D’abord un constat, sonnant, trébuchant et étourdissant. “Le besoin de financement total s’élève, pour les trois sites industriels, à 1,5 milliard d’euros", a révélé Bruno Le Maire, ce lundi 27 novembre. Soit presque 180 milliards de francs Pacifique. "C’est un besoin de financement total, immédiat, auquel il faut pouvoir répondre par la rentabilité de ces sites industriels. Nous avons donc besoin de solutions concrètes et immédiates pour éviter toute faillite, c’est évidemment mon objectif, et ouvrir des perspectives de long terme”, a-t-il ajouté.

Tous ceux qui pensent qu’on pourrait jouer la politique du pire et qu’au dernier moment, l’Etat interviendra avec un chèque se trompent. L’Etat est prêt à s’engager totalement pour investir dans des sites rentables, mais ne dépensera pas de l’argent pour des sites qui perdraient de l’argent et ne seraient pas rentables.

Bruno Le Maire, ministre de l'Economie et des finances

2Un cadre de négociation "agréé"

“Un nouvel accord sur le nickel est à portée de main", estime le patron de Bercy. "Je suis arrivé avec un cadre de négociation et il a été agréé.

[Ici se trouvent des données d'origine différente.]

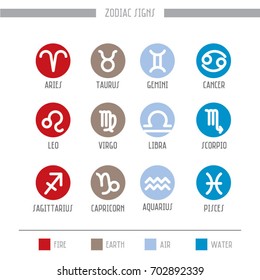 Zodiac signs icons - simple vector illustrations, editable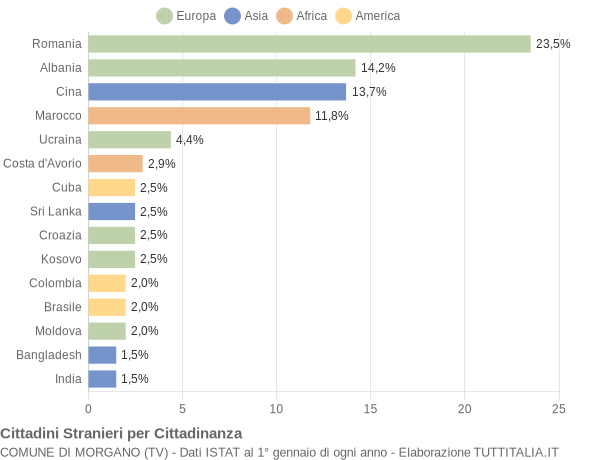 Grafico cittadinanza stranieri - Morgano 2022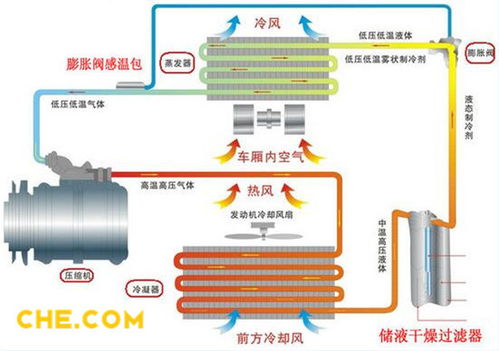 汽车空调制冷压力是多少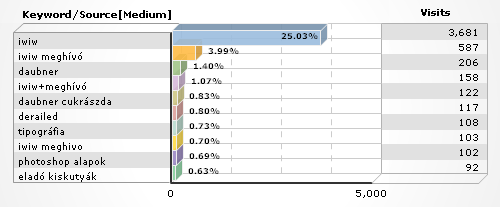 Google Analytics Overall Keyword Conversion – www.haldesign.hu Google Analytics Overall Keyword Conversion – www.haldesign.hu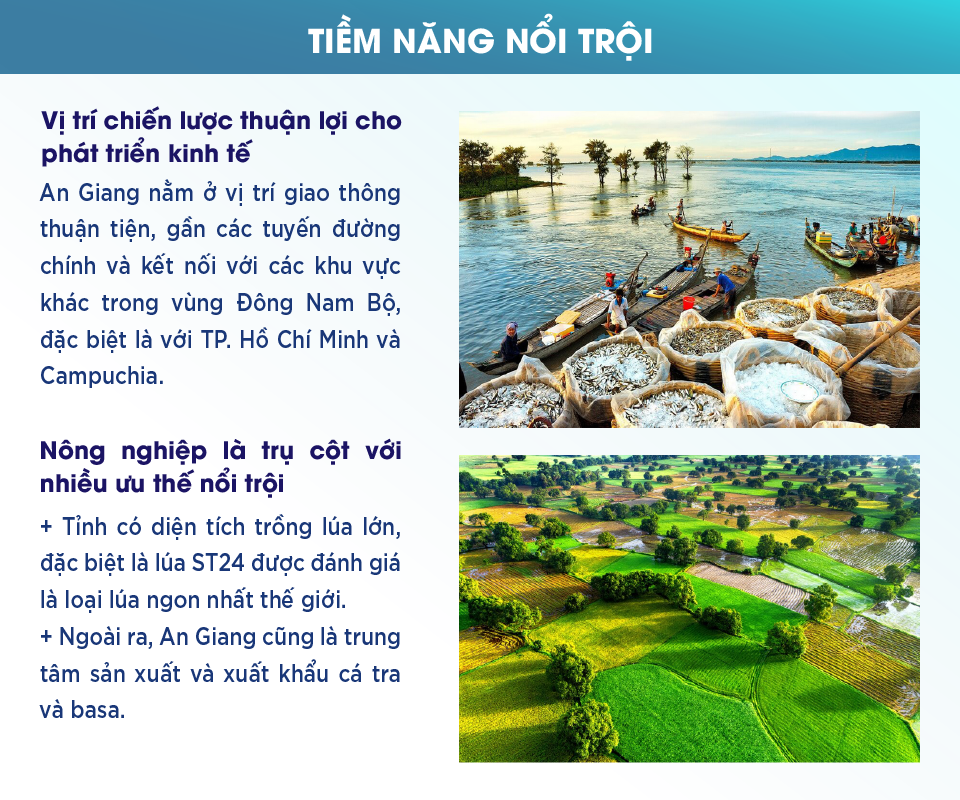 360-do-tiem-nang-bds-an-giang
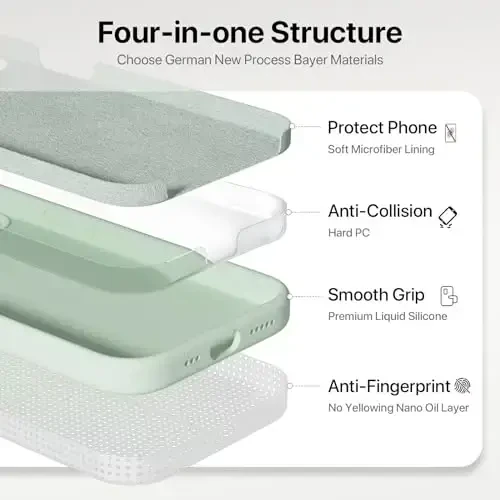 GOODVISH iPhone 15 uchun mos keladigan g'ilof, silikon yangilangan [Kengaytirilgan kamera himoyasi] Telefon g'ilofi [2 ekran himoyachisi bilan], ichida yumshoq tirnalishga qarshi mikrofiber astar, 6.1 dyuym, to'q yashil - 4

Nous avons maintenant un point de départ concret." Et d'insister : "C’est un pas de géant. Quand on a un cadre de négociation, on peut espérer aboutir à un accord global."

3 Utiliser les "ressources inutilisées"

Ce cadre de négociation repose selon lui sur trois grands enjeux. À commencer par l'exploitation de la ressource. "D’abord, nous devons parvenir à un engagement sur la déclassification, l’exportation et la valorisation des ressources minières inutilisées", a déclaré le ministre - sans nommer les réserves métallurgiques, mais c'est bien sûr à elles qu'on pense. "Quand on est dans une situation financière critique, et qu’on a des ressources inutilisées, on les utilise.” Précision : "Le président du gouvernement m’a alerté sur la nécessité d’avoir une évaluation plus précise du volume de minerai en jeu, de la valorisation escomptée et de la destination d’exportation." 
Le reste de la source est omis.